ウィスキーがお好きでしょ

一人でウィスキーを飲むようになった。グラスに氷をたくさん入れて、飴色の液体を注ぎ、同量の水を混ぜる。氷を溶かしながらアルコールを薄くのばし、すっかり味をふやけさせた水割りをちびちびとすする。


平生飲んでいた訳ではないので、あまりおいしいとは思わない。舌が強い刺激と独特の香りに慣れていないので、一口目はうっ…とする。それでも我慢して、舐めるようにすすり続ける。慣れない酒の所為で夜の寝床で胸やけし、なんであんなものを飲んだのだと恨めしい気分になる。それでも、次の夜にまたすする。


いつも飲んでいるビールや焼酎も、始めはおいしいと思って飲んでいたわけではない。夜の席で、なんとなく皆に合わせて注文し、渋い顔をしてすすり続けたら、いつのまにかおいしいと感じるようになった。頭で飲んでいたら、舌が勝手についてきた。

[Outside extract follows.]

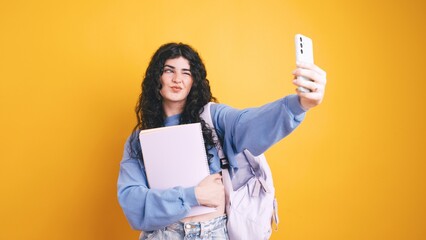 Brunette student girl taking selfie holding notebook on yellow background
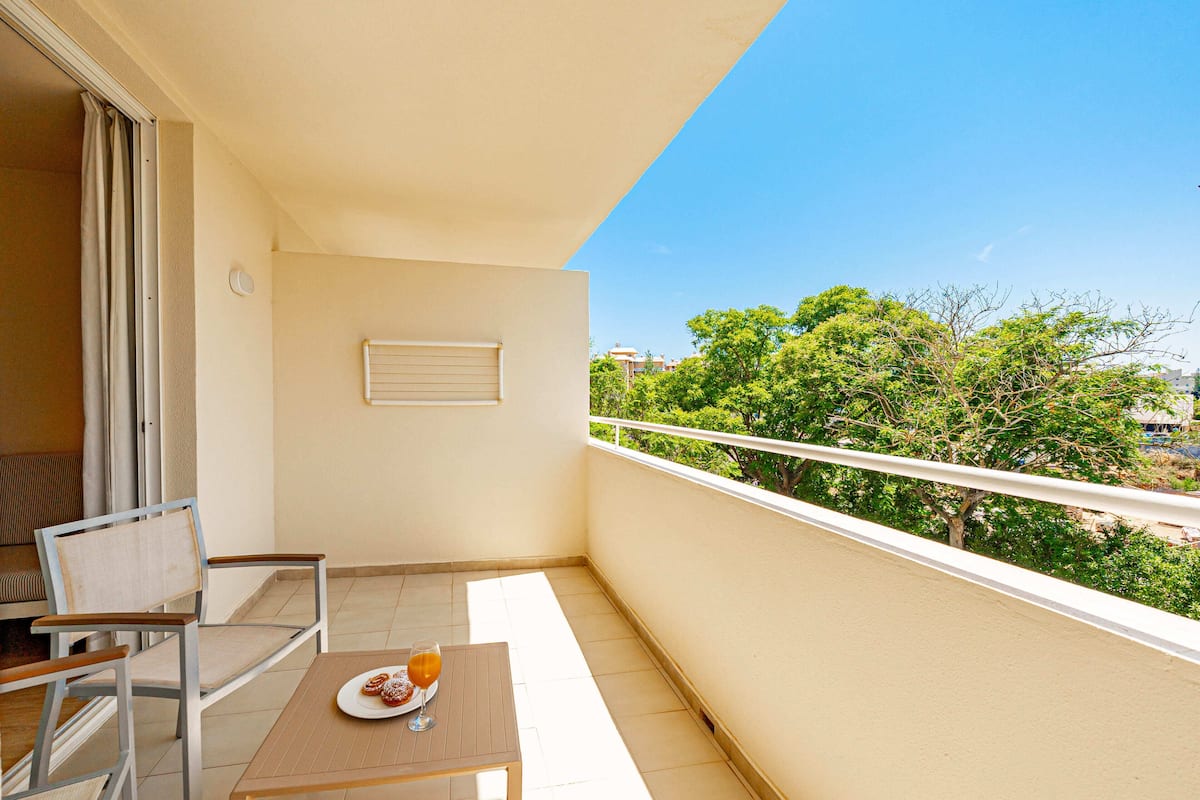 Ein Balkon mit Tisch, Stühlen und einer Schüssel Essen.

開高健を読んだら、ウィスキーを飲みたくなった。『耳の物語』では、開高青年は戦後の闇市で悪友にそそのかされて密造酒に親しみ、谷沢永一と文学論議に花をさかせながらぬるい酒をすすり、寿屋で勤める牧羊子にすすめられるままウィスキーの味を覚える。戦後の大阪、夜毎トリスバーに通い、疲れた顔でウィスキーをすする開高健を想像すると、無性に俺も飲みたくなった。


ギャンブルも酒も"覚える"という。段々と、少しづつ、体と頭に、大人ってのはこいつをちびちびやるものだぜ、と刷り込む。飴色の酒に"香り"や"コク"といった修飾を施し、頭の中で素敵な飲み物に仕立て上げる。


そして、ウッカリしてロックでなんか飲んだりして夜に胸焼けして、寝床で恨み言を言うのである。